BY KRISHNA KHUNTI
Head of Culture & Marketing, Creativeland Asia
Julay (hello) from Leh! It’s like catching a glimpse of heaven - that’s all one can compare it to. I had heard many raving reviews, saying you have to see it to believe it, so given the first opportunity, off I went to Ladakh.
I caught a flight from Delhi to Leh; the transitory journey from heat, humidity and noise to cool, freshness and serenity, not forgetting the altitude sickness that was yet to come as I had ascended 3505 metres above sea level. Through the most beautiful clouds I’d ever seen, the foundations had already been laid for some magnificent memorable moments.
I landed in Leh at 7.25 am, in the heart of some seriously awe-inspiring mountainous terrain, bearing a strong resemblance to how I would have imagined Mars, but with the most intense blue sky. (The following 22 days left me humbled, numbed and anxious about the beauty that exists on this planet we call Earth).

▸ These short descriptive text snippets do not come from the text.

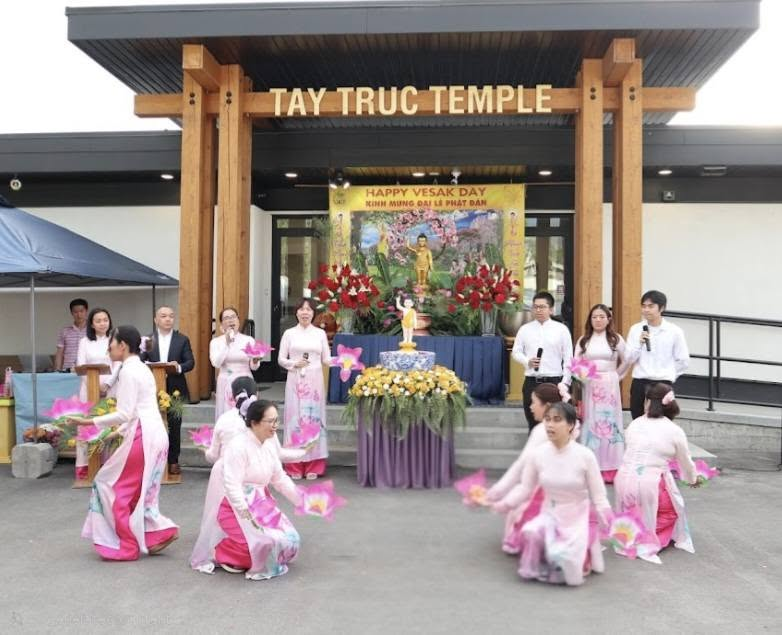 Múa dâng hoa mừng Phật Đản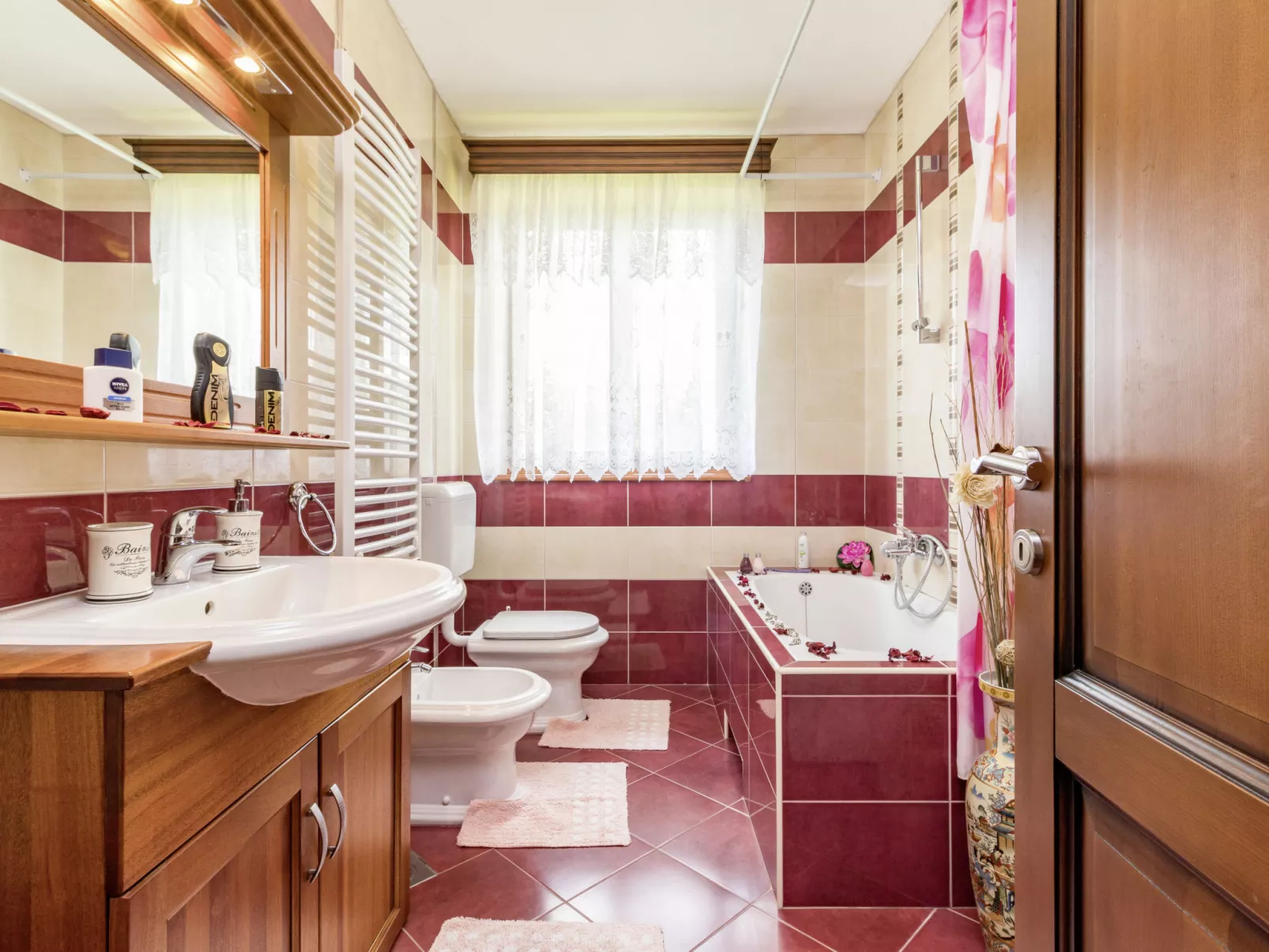 Villa Helena-Inside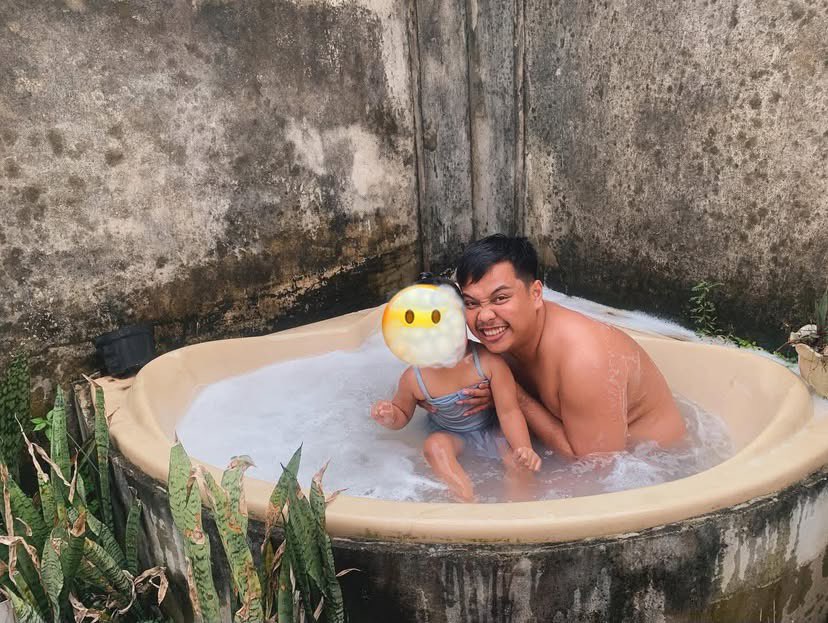 vebr34231's tweet photo. Selain nakes ada lagi ini PNS penjaga lapas di pontianak namanya Uray Rifan Sofwan yang sudah berkomentar jahat ke almarhum Yurizal, beliau belum melakukan permintaan maaf atas perbuatannya.

cc : kairafune https://t.co/FeMBv5R2xY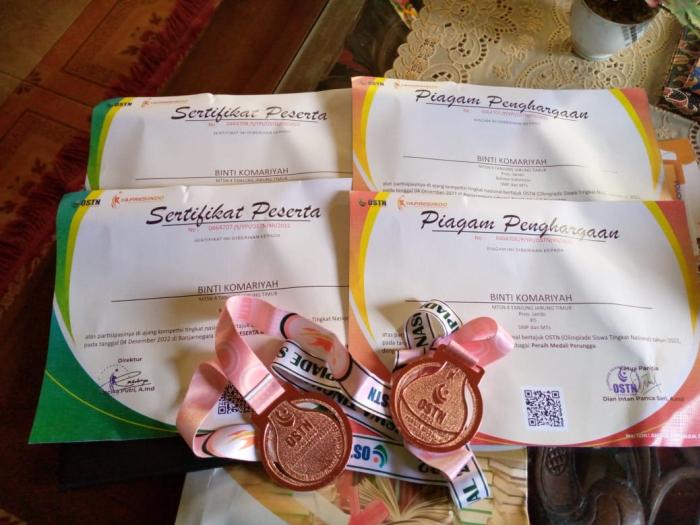 BINTI KAMARIAH RAIH 2 PERUNGGU DENGAN MAPEL BAHASA INDONESIA DAN IPS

In a very complex predicament that may not be immediately evident to the untrained eye, Ladakh has so many variables at play at any given time. Due to its geographical location, it remained untouched by the many wars and invasions that India has faced over the years, and although classified as a part of Jammu & Kashmir, it remains far removed from the disputes. However, as it lies on the border, there is a very strong and disconcerting Army presence which is evident from the minute you land in Leh. The people of the land are mostly Tibetan descendants, with eyes which emanate love and a depth that can stir the soul. It’s a rarity to hear Buddhist chants simultaneously with the call for prayer (Azaan), as the two dominating religions harmoniously echo across the valley.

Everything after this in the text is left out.